Well, this is what I learned for Dee L. 

I would encourage you to only make a few until you are sure this will work for you since I am writing it off the top of my head, not while I am actually doing it.

Remember to follow your equipments' safety warnings and to keep safety first.

The length of the 2x will be the length of the end bar. The width of the 2x (4,6,8,etc...) will provide the thickness (when ripped to 3/8 inch peices). And the width of the 2x will provide the width when ripped to 1 3/8 (or 1 1/2 if that is what you want). 

First, cut the 2X to the length of the endbars you need. (See the Dadant hive plans in the build it site of BeeSource.) Take a magic marker and run a line completely across one face (width). This will be important later.
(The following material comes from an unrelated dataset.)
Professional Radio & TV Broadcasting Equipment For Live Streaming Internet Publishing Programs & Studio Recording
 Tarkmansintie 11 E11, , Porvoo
Second, cut the "dado" for the top bar. This would of course be easiest with a dado blade set 7/8 inches wide. But it can be done with a lot more passes using a regular blade. Start by setting the blade height to 7/16 inch. Set the rip fence 1/4 inch from the blade. Run the peices through on their end with the marked face of the 2x against the fence. If you have to make multiple passes, move the fence a bit at a time to widen the cut. (You might leave a bit of wood each time and chissel these out later to reduce the number of passes.) Continue moving the fence until the cut is 7/8 wide.

Now cut the dado for the bottom bar in the other end. Set the rip fence at 5/16 (and the dado blade, if you have one, to 3/4). Run the peices through again on the other end with the marked face against the fence. Move the fence a bit at a time until the cut is 3/4 wide. 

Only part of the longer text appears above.